[Data for processing]

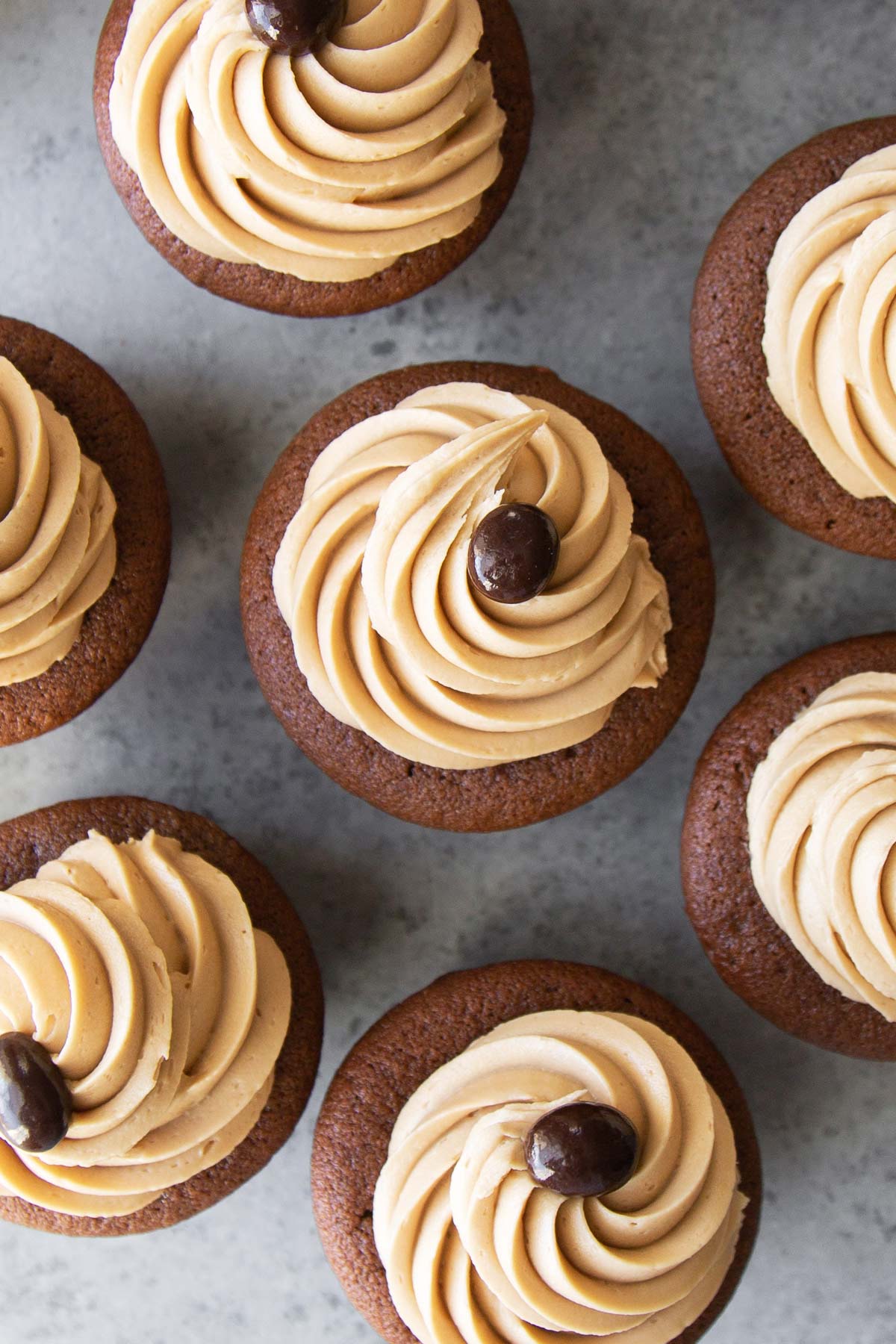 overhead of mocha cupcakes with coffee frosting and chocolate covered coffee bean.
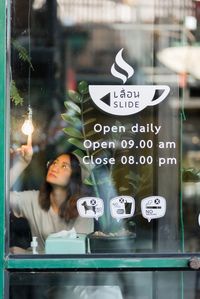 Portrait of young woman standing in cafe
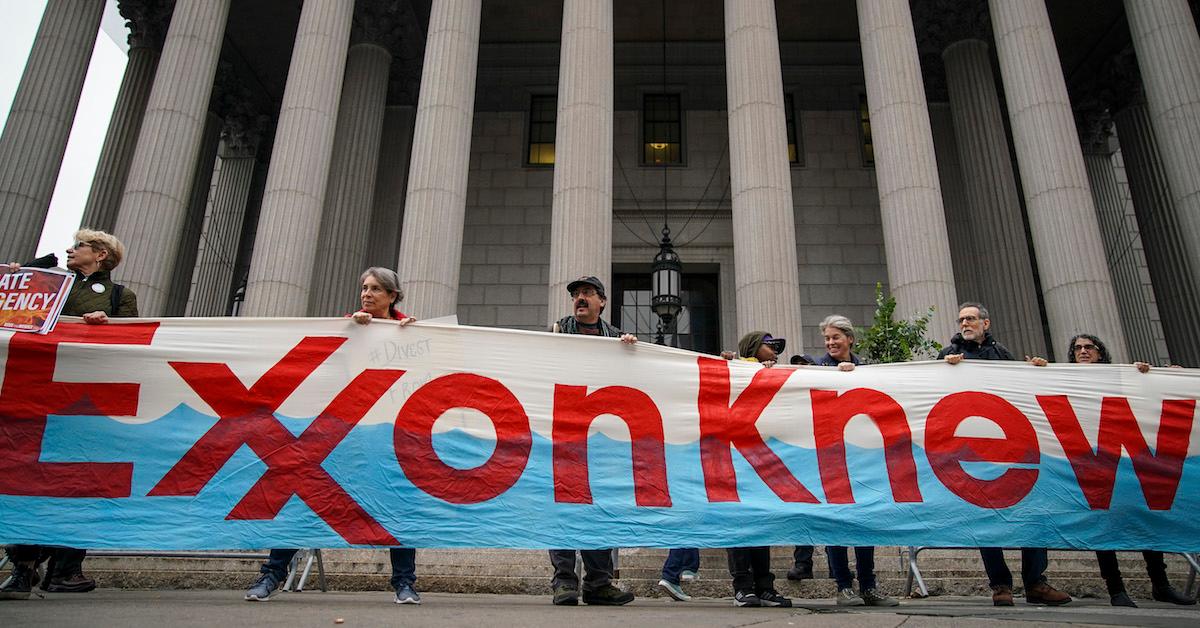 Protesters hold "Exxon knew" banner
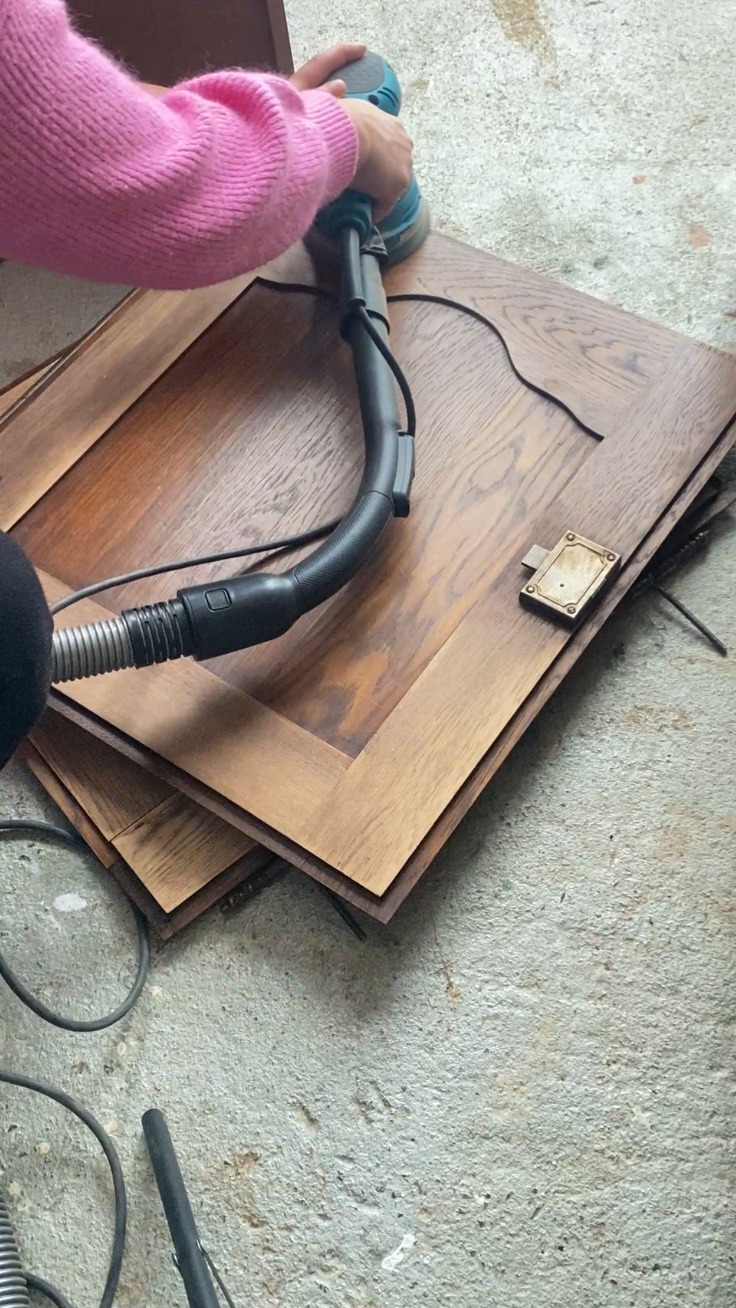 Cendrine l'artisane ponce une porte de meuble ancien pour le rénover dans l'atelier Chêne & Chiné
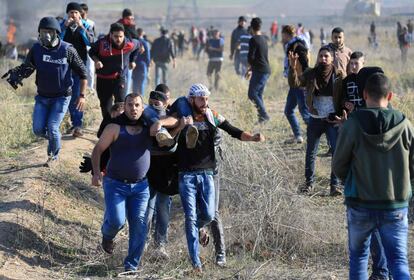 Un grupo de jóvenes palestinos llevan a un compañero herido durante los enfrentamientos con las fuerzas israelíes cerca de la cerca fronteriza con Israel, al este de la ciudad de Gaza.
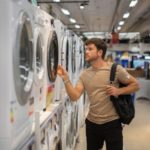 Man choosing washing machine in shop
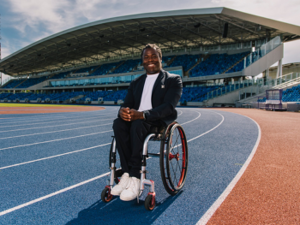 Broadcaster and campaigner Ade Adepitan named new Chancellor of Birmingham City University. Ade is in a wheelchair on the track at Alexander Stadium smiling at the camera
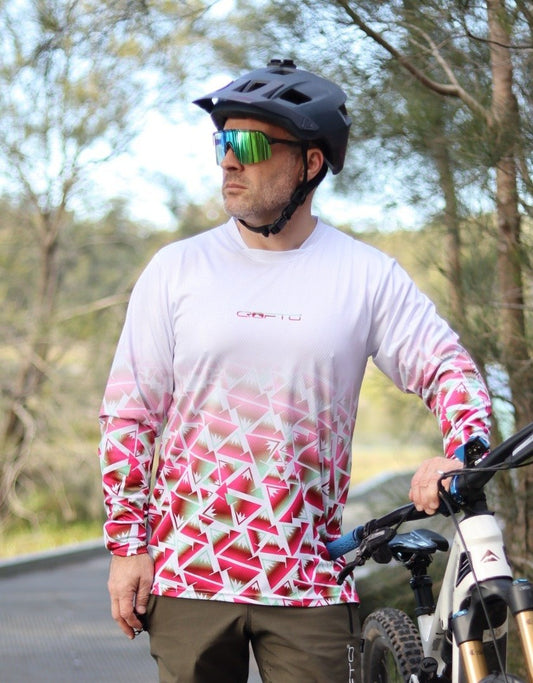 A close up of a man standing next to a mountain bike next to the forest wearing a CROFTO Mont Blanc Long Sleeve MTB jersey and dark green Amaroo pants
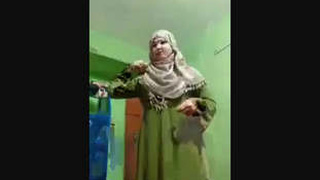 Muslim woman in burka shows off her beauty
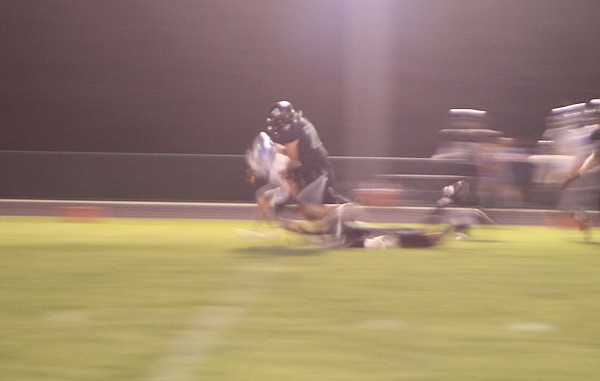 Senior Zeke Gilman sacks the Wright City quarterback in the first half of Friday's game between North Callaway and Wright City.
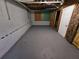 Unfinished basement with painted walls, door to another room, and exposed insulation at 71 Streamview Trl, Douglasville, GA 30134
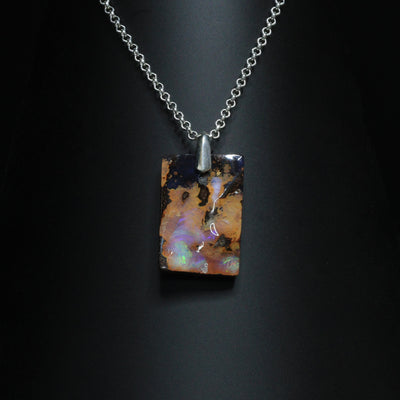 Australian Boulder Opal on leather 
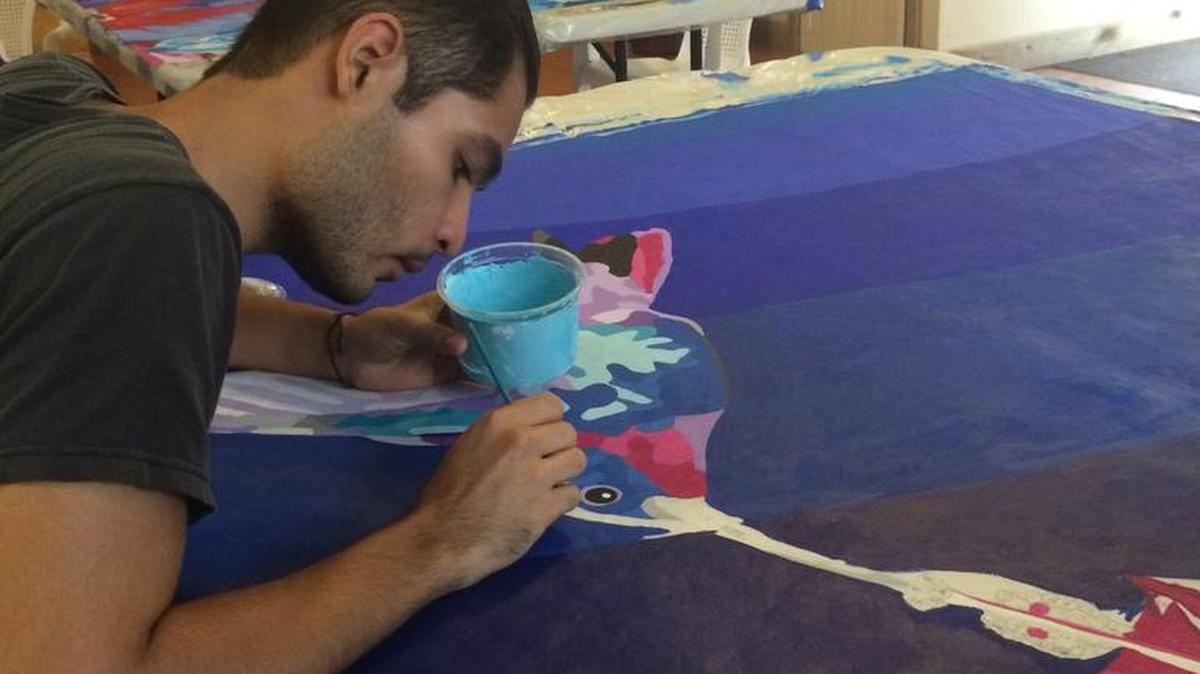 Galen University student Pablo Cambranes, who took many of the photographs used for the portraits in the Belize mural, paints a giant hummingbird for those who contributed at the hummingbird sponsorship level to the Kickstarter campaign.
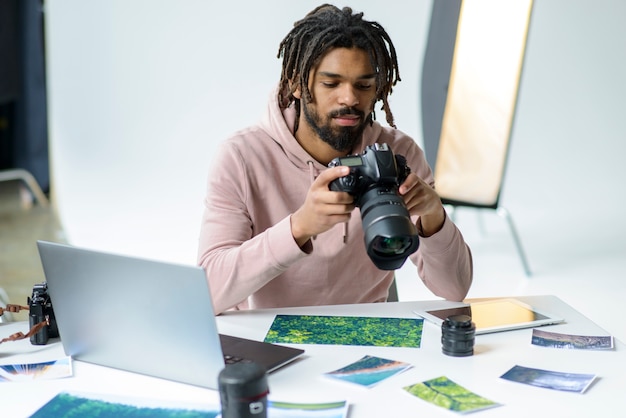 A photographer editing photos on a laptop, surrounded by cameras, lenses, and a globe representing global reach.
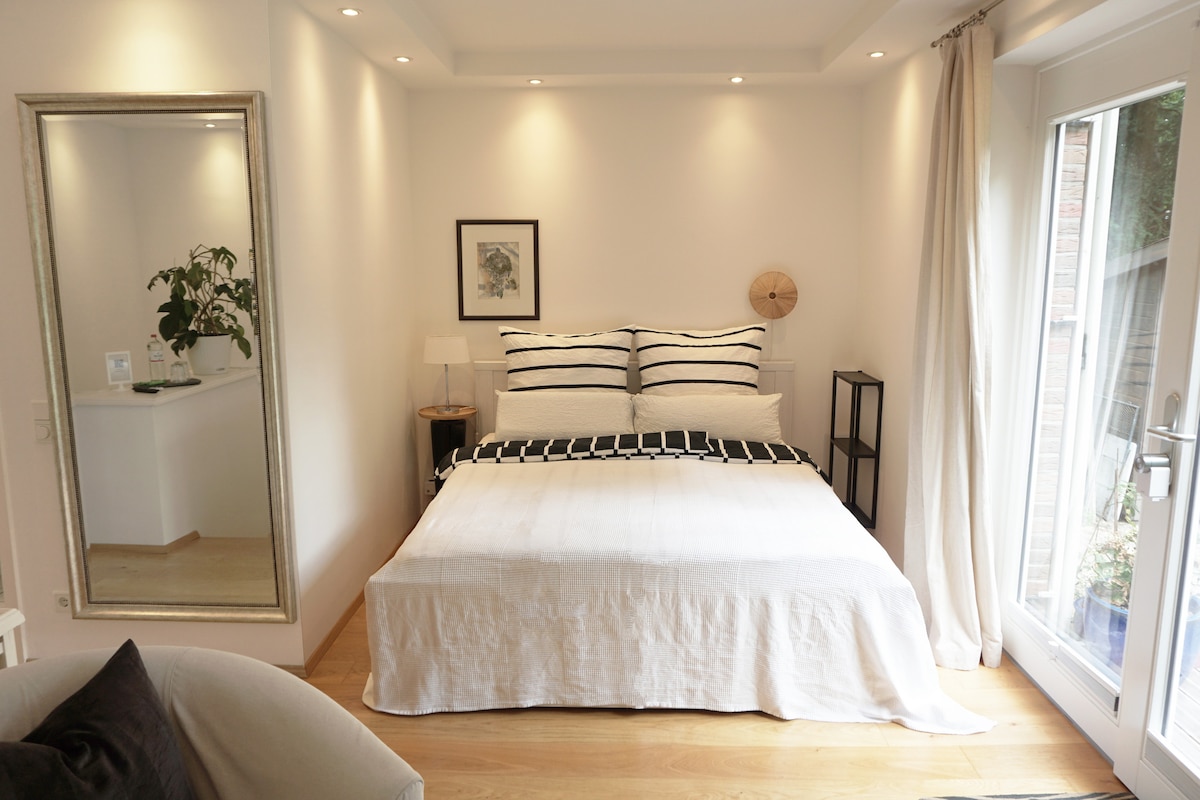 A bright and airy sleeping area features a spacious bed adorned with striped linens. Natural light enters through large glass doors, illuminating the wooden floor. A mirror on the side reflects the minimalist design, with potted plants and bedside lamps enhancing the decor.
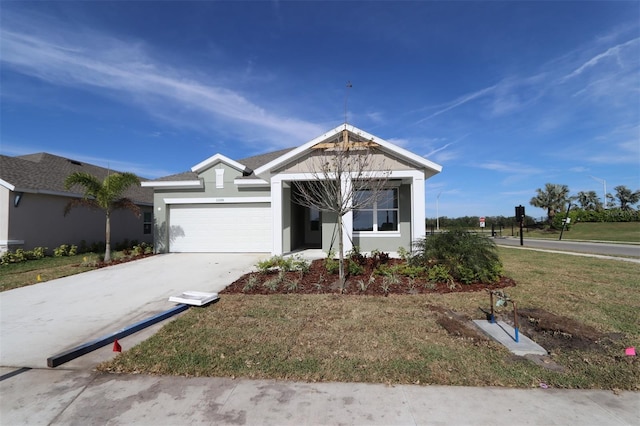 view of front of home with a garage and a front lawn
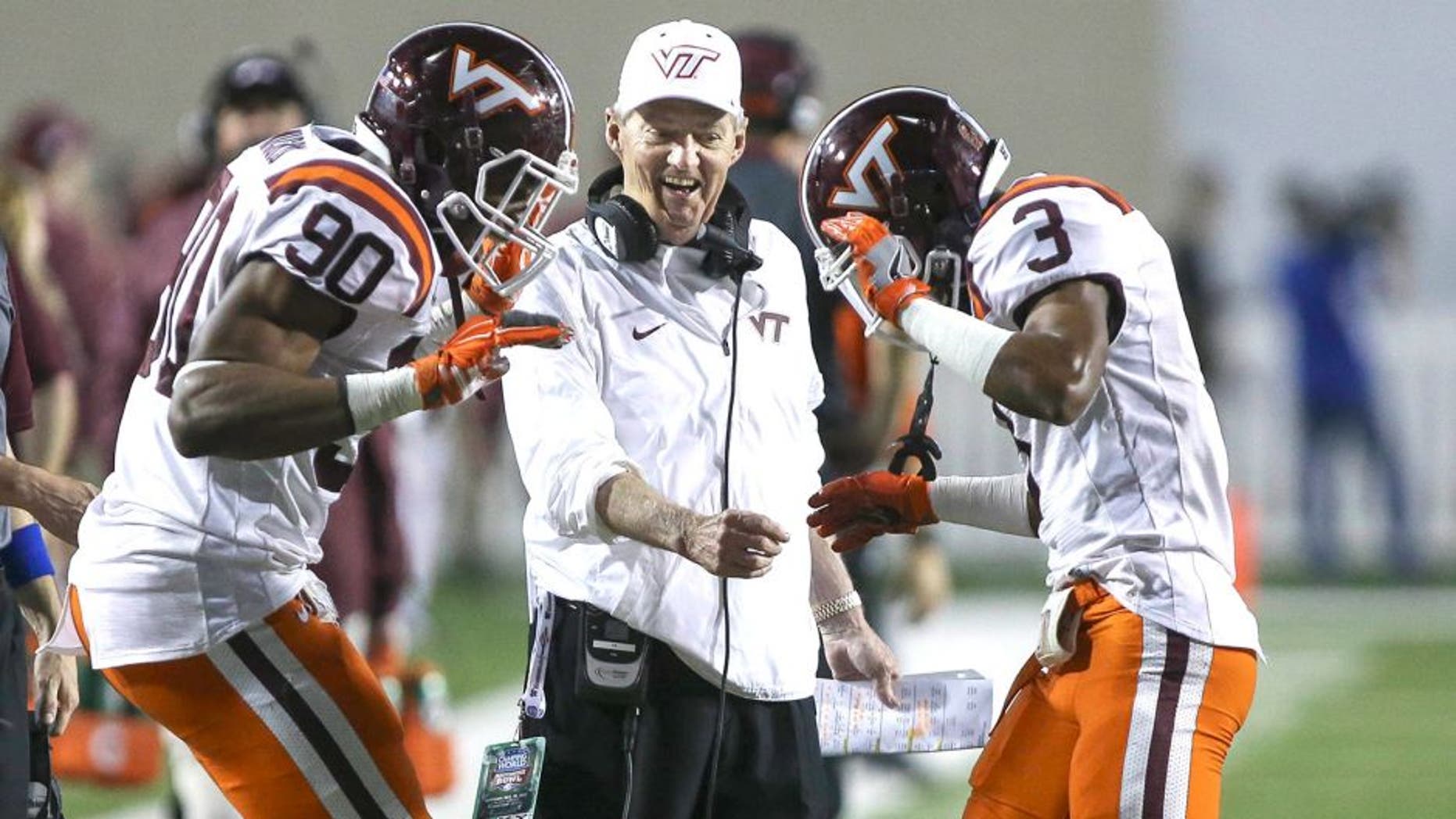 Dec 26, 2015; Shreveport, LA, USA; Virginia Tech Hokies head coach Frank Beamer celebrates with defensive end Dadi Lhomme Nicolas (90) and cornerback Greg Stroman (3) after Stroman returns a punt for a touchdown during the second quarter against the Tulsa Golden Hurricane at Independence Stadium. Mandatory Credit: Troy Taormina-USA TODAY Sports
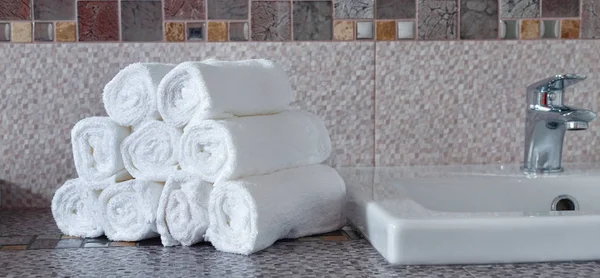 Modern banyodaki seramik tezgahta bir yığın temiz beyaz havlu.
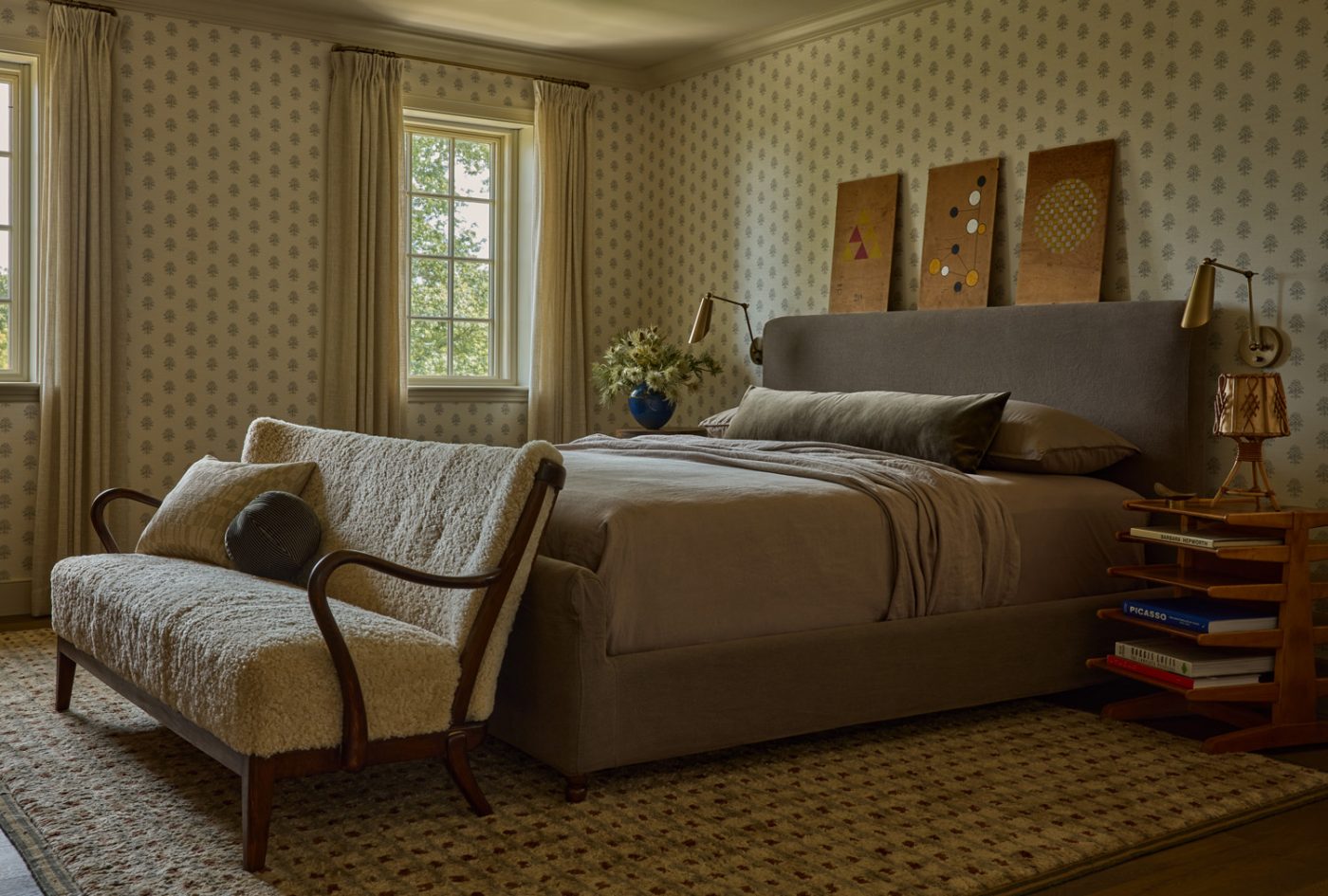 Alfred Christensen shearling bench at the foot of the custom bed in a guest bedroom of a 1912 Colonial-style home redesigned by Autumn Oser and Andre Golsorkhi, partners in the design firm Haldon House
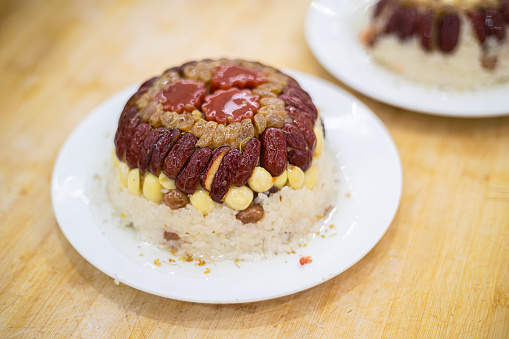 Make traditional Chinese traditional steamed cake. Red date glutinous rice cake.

[/Data for processing]

Exercise: With the pictures dropped, write out all of the entries word for word.

Exercise solution:
 overhead of mocha cupcakes with coffee frosting and chocolate covered coffee bean.
 Portrait of young woman standing in cafe
 Protesters hold "Exxon knew" banner
 Cendrine l'artisane ponce une porte de meuble ancien pour le rénover dans l'atelier Chêne & Chiné
 Un grupo de jóvenes palestinos llevan a un compañero herido durante los enfrentamientos con las fuerzas israelíes cerca de la cerca fronteriza con Israel, al este de la ciudad de Gaza.
 Man choosing washing machine in shop
 Broadcaster and campaigner Ade Adepitan named new Chancellor of Birmingham City University. Ade is in a wheelchair on the track at Alexander Stadium smiling at the camera
 A close up of a man standing next to a mountain bike next to the forest wearing a CROFTO Mont Blanc Long Sleeve MTB jersey and dark green Amaroo pants
 Muslim woman in burka shows off her beauty
 Senior Zeke Gilman sacks the Wright City quarterback in the first half of Friday's game between North Callaway and Wright City.
 Unfinished basement with painted walls, door to another room, and exposed insulation at 71 Streamview Trl, Douglasville, GA 30134
 Australian Boulder Opal on leather 
 Galen University student Pablo Cambranes, who took many of the photographs used for the portraits in the Belize mural, paints a giant hummingbird for those who contributed at the hummingbird sponsorship level to the Kickstarter campaign.
 A photographer editing photos on a laptop, surrounded by cameras, lenses, and a globe representing global reach.
 A bright and airy sleeping area features a spacious bed adorned with striped linens. Natural light enters through large glass doors, illuminating the wooden floor. A mirror on the side reflects the minimalist design, with potted plants and bedside lamps enhancing the decor.
 view of front of home with a garage and a front lawn
 Dec 26, 2015; Shreveport, LA, USA; Virginia Tech Hokies head coach Frank Beamer celebrates with defensive end Dadi Lhomme Nicolas (90) and cornerback Greg Stroman (3) after Stroman returns a punt for a touchdown during the second quarter against the Tulsa Golden Hurricane at Independence Stadium. Mandatory Credit: Troy Taormina-USA TODAY Sports
 Modern banyodaki seramik tezgahta bir yığın temiz beyaz havlu.
 Alfred Christensen shearling bench at the foot of the custom bed in a guest bedroom of a 1912 Colonial-style home redesigned by Autumn Oser and Andre Golsorkhi, partners in the design firm Haldon House
 Make traditional Chinese traditional steamed cake. Red date glutinous rice cake.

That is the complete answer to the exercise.